**Exercise description:** Quote the material exactly from the line that contains "These zirconia crowns" through its last line. Any pictures are to be left out.

**Records to use:**
=== Begin Enclosure ===

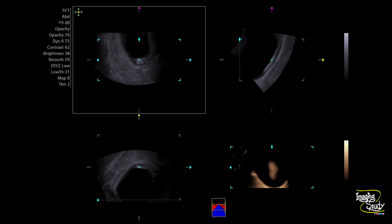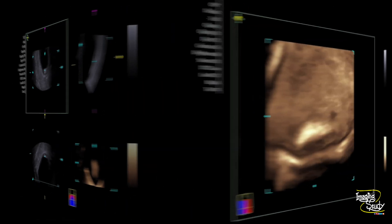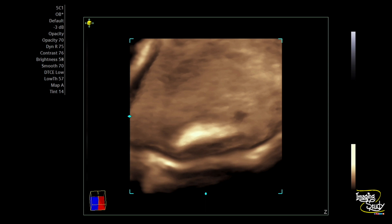If you have a 3D ultrasound facility, you should use it to evaluate luminal structures — it is a good way to practice 3D. My machine didn't have a volumetric transducer, so I used the regular curvilinear probe and moved it manually to get a 3D image. This may not be as good as a volumetric transducer, but it is usable. Here you can see the three-dimensional image of the urinary bladder calculus within the lumen.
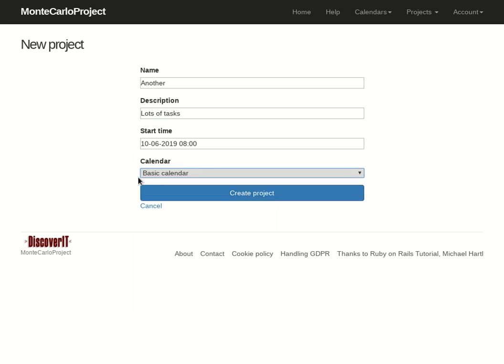If you don't choose a calendar then either default calendar will be used or if that doesn't exist then the user's first calendar.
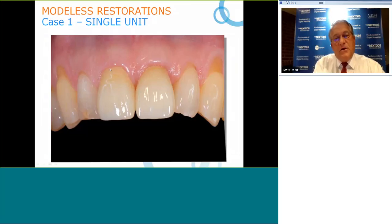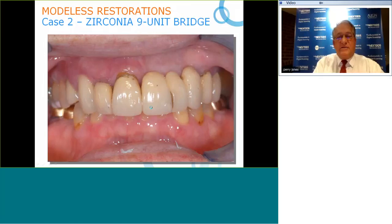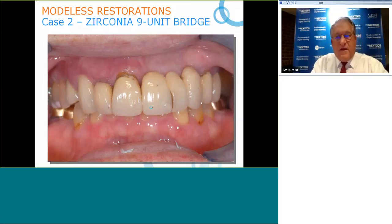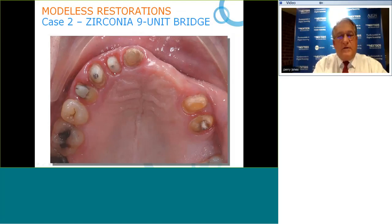These zirconia crowns can blend colors — for example, a B2 blended with a B3 to create a nice gingival margin that looks very aesthetic. Not custom-stained, but the color blend is effective. Here's a long-span zirconia nine-unit bridge. A failed restoration over time — lateral incisor number seven has decayed — will be salvaged with an intentional root canal, post and core, with conservative preparations.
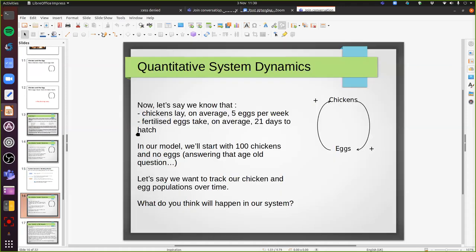Let's put this into our chicken and egg model. Let's say we know that chickens lay on average five eggs per week. We'll assume they're all fertilized, and we'll assume that fertilized eggs take on average 21 days to hatch - I did some research and that's about right. In our model, the chicken came first, and we're going to start with a hundred chickens and no eggs. We want to track our chicken and egg populations over time. What do you think is going to happen in that system?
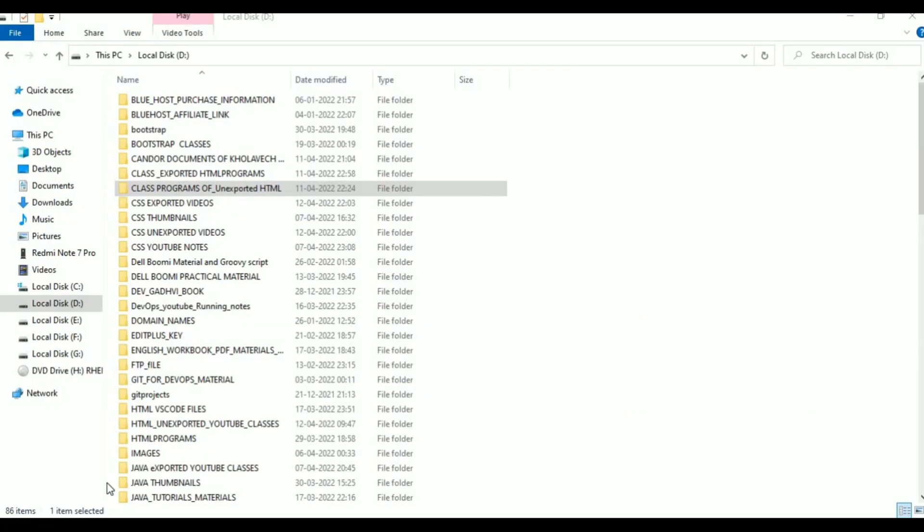Hello viewers, welcome to Telugu Skid Tutorials. This is HTML programming session 8. Today we are going to do the program by taking color code from Google and giving it to bgcolor. This is body tag properties.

=== End Enclosure ===

**Answer box:**
These zirconia crowns can blend colors — for example, a B2 blended with a B3 to create a nice gingival margin that looks very aesthetic. Not custom-stained, but the color blend is effective. Here's a long-span zirconia nine-unit bridge. A failed restoration over time — lateral incisor number seven has decayed — will be salvaged with an intentional root canal, post and core, with conservative preparations.
Let's put this into our chicken and egg model. Let's say we know that chickens lay on average five eggs per week. We'll assume they're all fertilized, and we'll assume that fertilized eggs take on average 21 days to hatch - I did some research and that's about right. In our model, the chicken came first, and we're going to start with a hundred chickens and no eggs. We want to track our chicken and egg populations over time. What do you think is going to happen in that system?
Hello viewers, welcome to Telugu Skid Tutorials. This is HTML programming session 8. Today we are going to do the program by taking color code from Google and giving it to bgcolor. This is body tag properties.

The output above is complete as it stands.